I’ve been broody since I was only one-year-old. My biological clock started ticking almost straight away. Growing up in England I’ve lost a bit of my Greek-Cypriot essence, but it’s there in my obsessive use of lemon and olive oil, and in my desire to be a father from an early age.No matter how shit things are, salvation could be around the corner. My dad grew up in a village with no money, no shoes. He was sent to the UK aged 12 without knowing where he was going or being able to speak English. He lived on the street for a few months until he heard a Greek voice. That Greek family took him into their kitchen and let him wash up for his lodgings. By 18, he was a proper chef in posh central London restaurants. I’m very proud of him for that. It taught me an important lesson.My mum’s responsible for my capacity to love. My dad’s responsible for the way I dress salad.
Crisps are the sensory soundtrack of childhood. The noise of crisp-crunching, the oiliness of crisps, the smell of them. As a kid, you’re never more than five minutes away from asking if you can have some crisps. Even if you know the answer’s going to be no.
My Baftas are parcel-taped up in a box. I won three for Stath Lets Flats, but I put them away while I was writing the new series, so they didn’t stare at me and keep me up at night. I’ll unveil them to myself again soon, it’ll be a nice reunion.
Brined stuff is my guilty pleasure. I’d let the rest of the world go without gherkins if it meant I could have them all.
If I could go back in time, I’d go to the early noughties. Just to soak up the feeling of not knowing what social media is. I’d listen to R&B Hits 2002 and enjoy having no idea what everyone I know is up to.
Slugs are mad. I can’t be doing with them existing in the same universe as me.
I prepare conversations in my head before a social interaction. It’s my worst habit.

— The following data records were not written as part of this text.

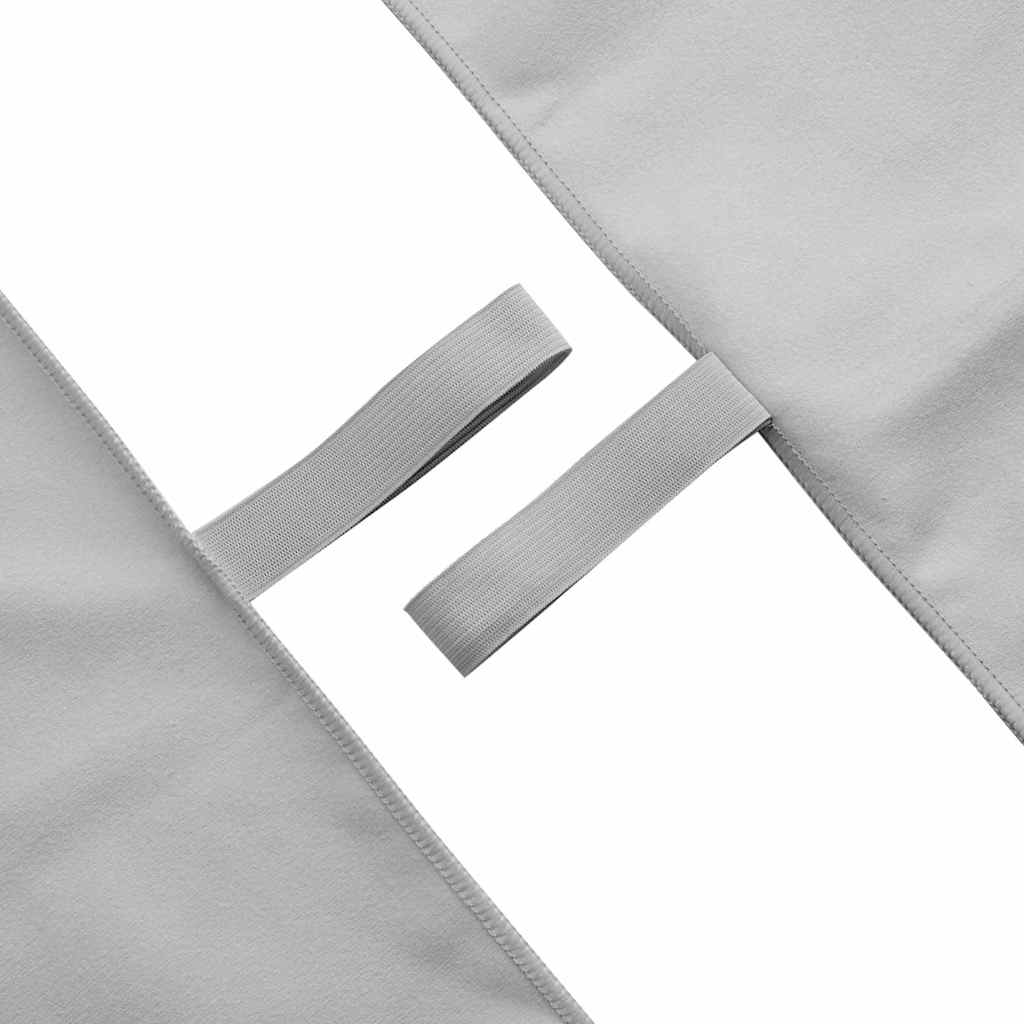 Sporthanddoeken 2 pcs Grijs 180 x 90 cm Polyester en polyamide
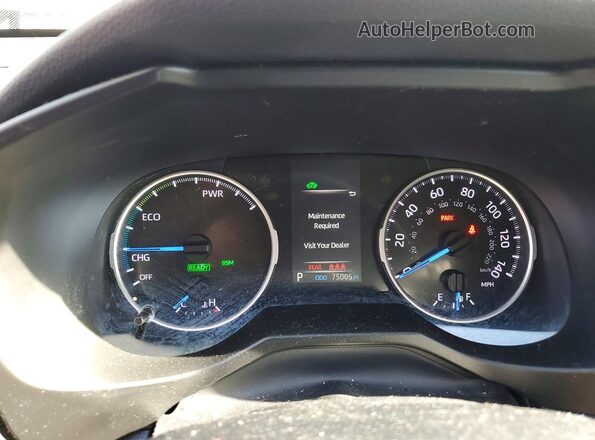 2T3RWRFV8LW058242 2020 TOYOTA RAV4 Черный Вид щитка приборов
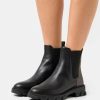 Wholesale Michael Michael Kors Ridley Bootie Platform Ankle Boots Black/Brown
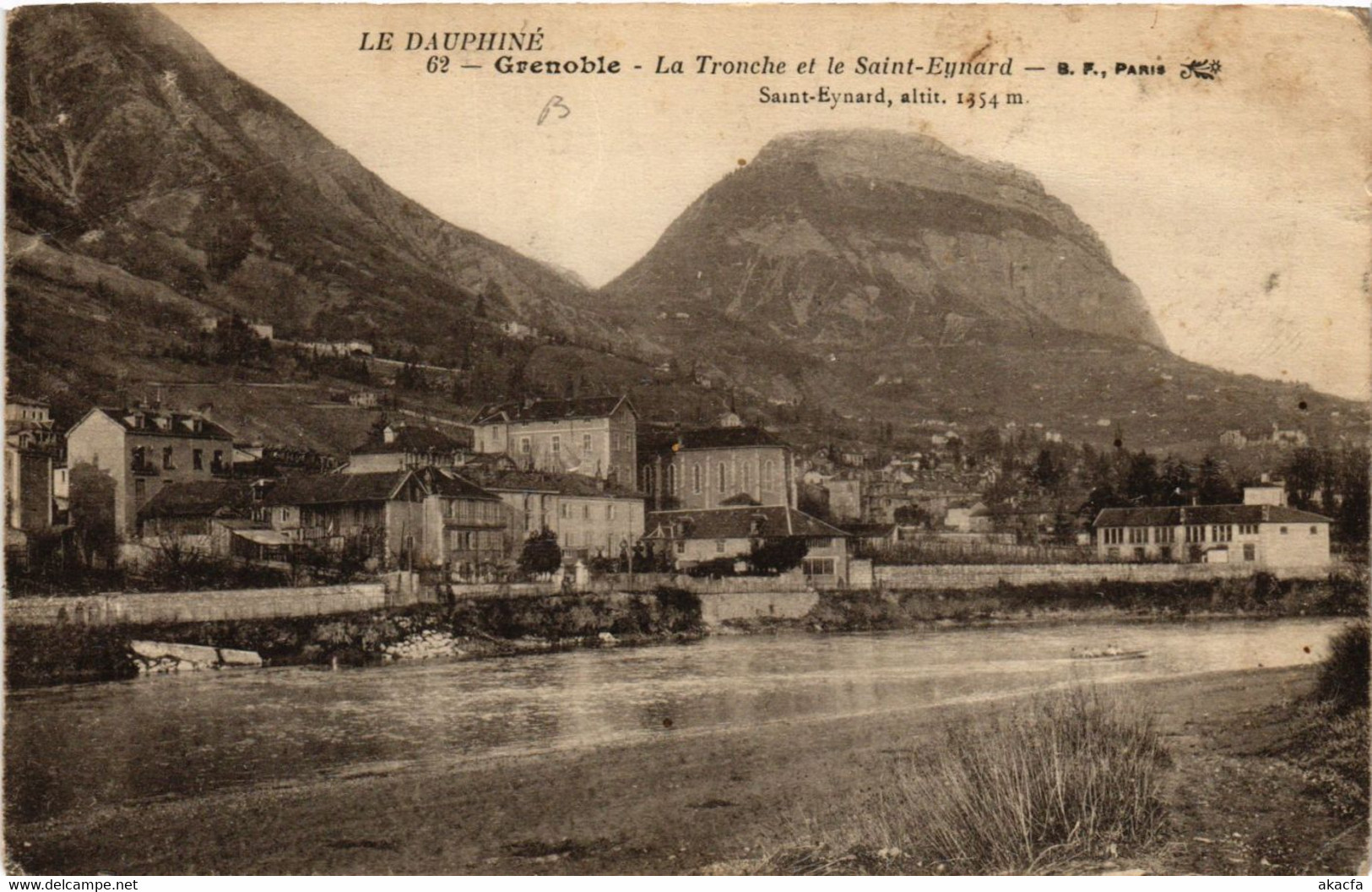 CPA Le Dauphiné - GRENOBLE - La TRONCHE Et Le St-Eynard (652777) - La Tronche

I clearly haven’t done it here, which is a good sign.
There’s a real feeling of adult achievement about choosing your own bedtime. Or watching TV when you want. Or putting things in your supermarket trolley without asking permission. That’s the stuff of childhood dreams.
A stranger died in my arms three weeks ago. That was a new and very sad experience. In east London, me and my girlfriend saw what we thought was someone who’d had a few too many, sitting by the road. Everyone was giving him a wide berth as he looked hammered. We went over to check he was all right and saw he was struggling for air. My girlfriend called an ambulance. I ended up doing CPR on him for 20 minutes. We later found out he’d died of a cardiac arrest.
Success has made me busier, but it hasn’t changed me. I’ve managed to hold on to the five fundamental components of my personality: scared, salad, tall, talks too passionately about things I’m not sure I believe in, big bum.